* DATA EXCERPTS:

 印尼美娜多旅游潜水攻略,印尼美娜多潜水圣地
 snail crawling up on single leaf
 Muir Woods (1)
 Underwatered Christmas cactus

---

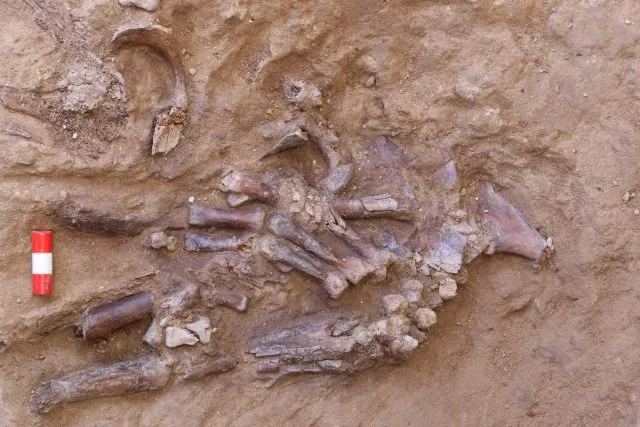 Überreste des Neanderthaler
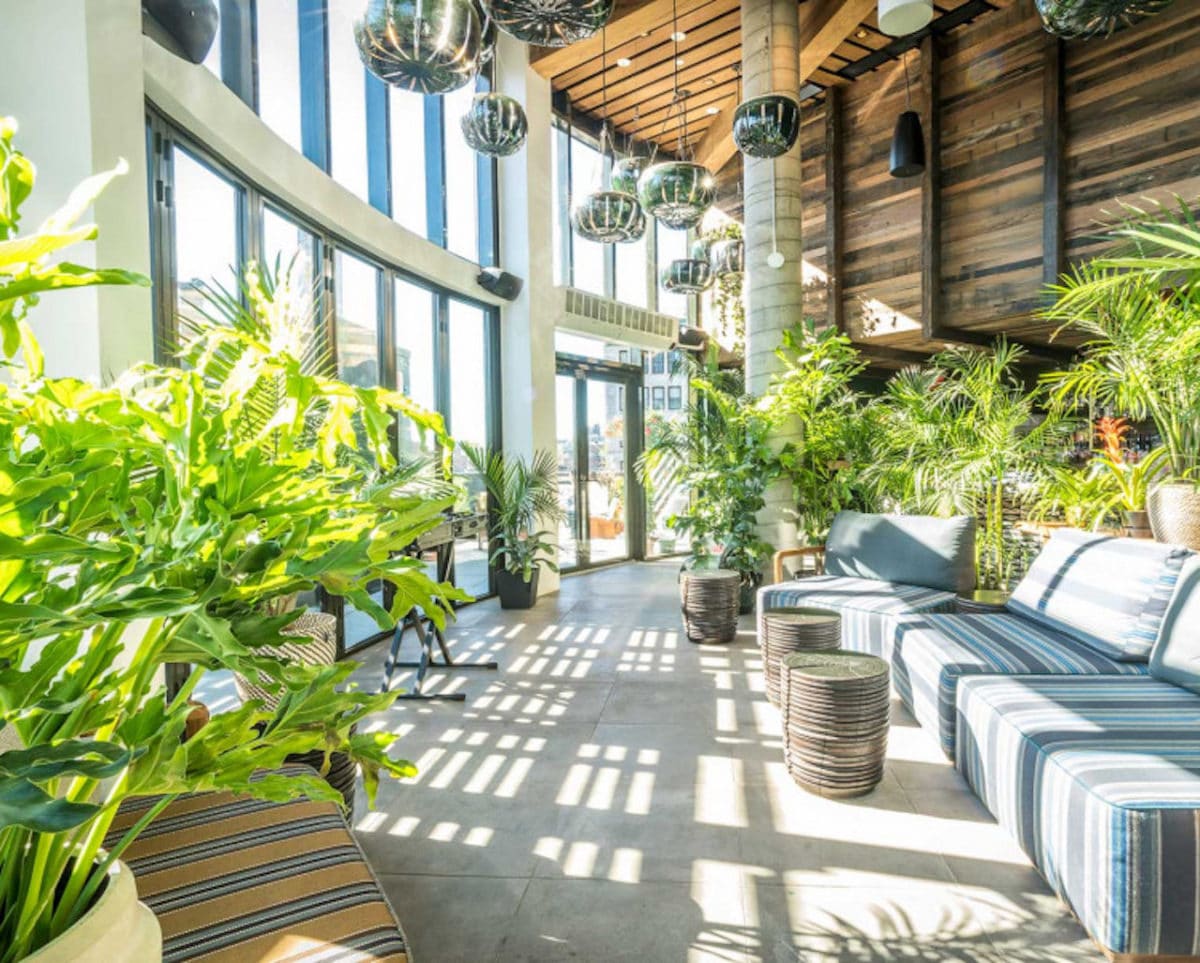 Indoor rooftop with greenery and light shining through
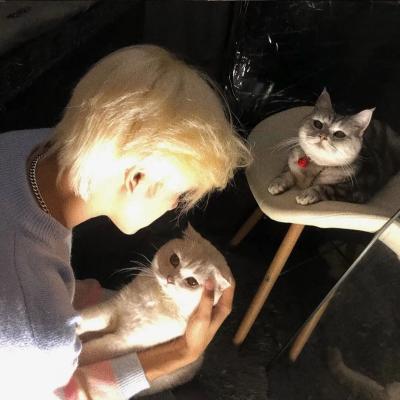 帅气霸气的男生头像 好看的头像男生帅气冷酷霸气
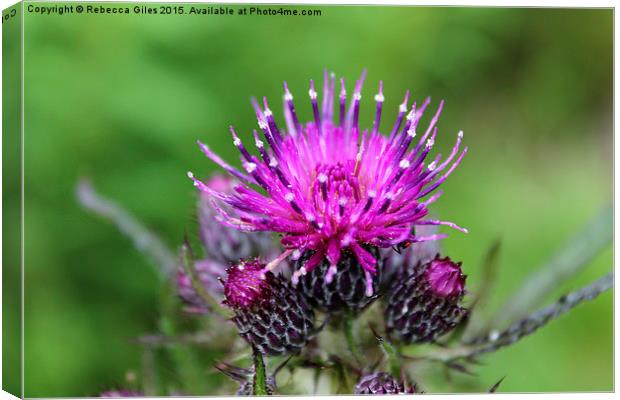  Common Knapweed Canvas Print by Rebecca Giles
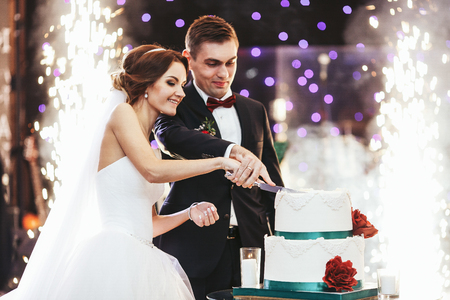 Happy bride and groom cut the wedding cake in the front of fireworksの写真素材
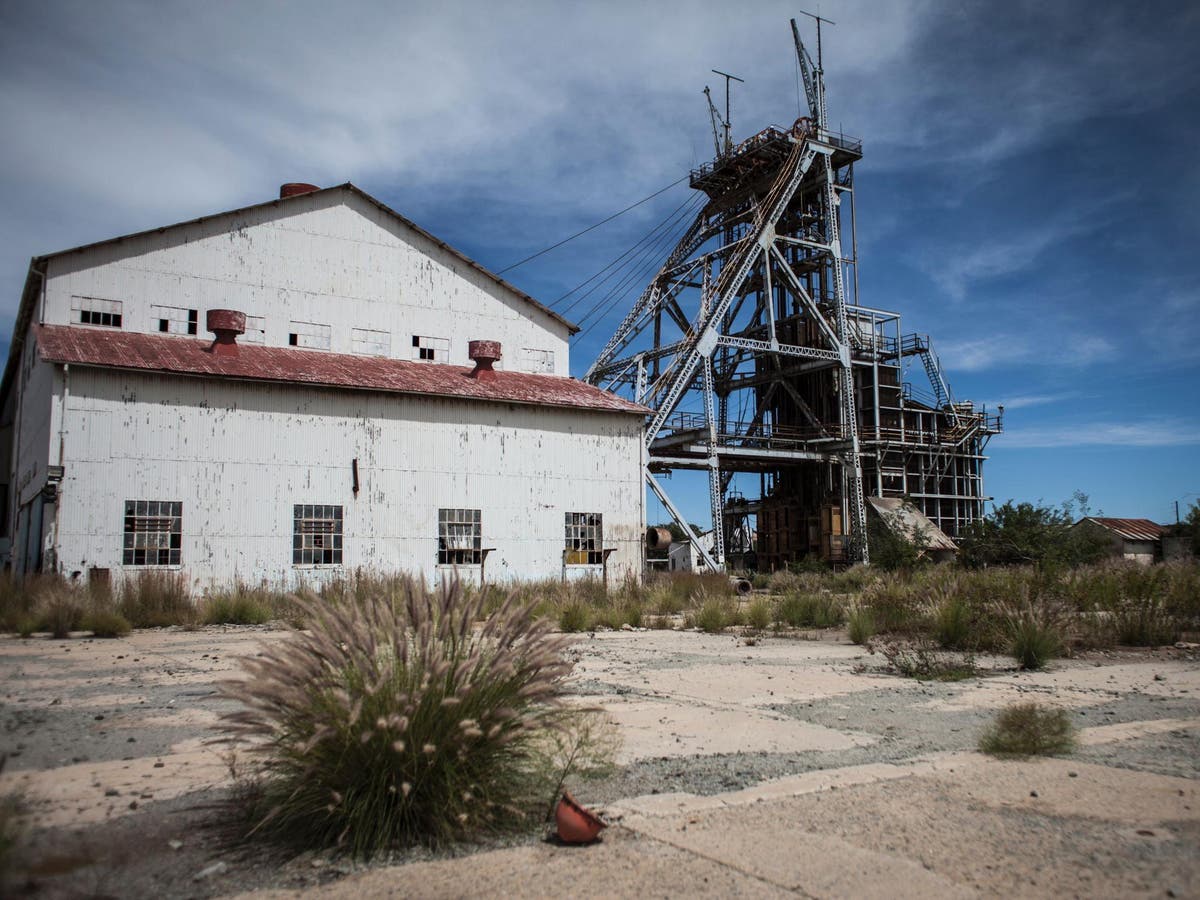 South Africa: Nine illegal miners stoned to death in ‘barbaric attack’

* PROBLEM TO SOLVE:
Start with the line above that contains "印尼美娜多旅游潜水攻略,印尼美娜多潜水圣地" and end with the line that contains "Underwatered Christmas cactus". Write out those lines exactly, and only those.

* TASK OUTPUT:
 印尼美娜多旅游潜水攻略,印尼美娜多潜水圣地
 snail crawling up on single leaf
 Muir Woods (1)
 Underwatered Christmas cactus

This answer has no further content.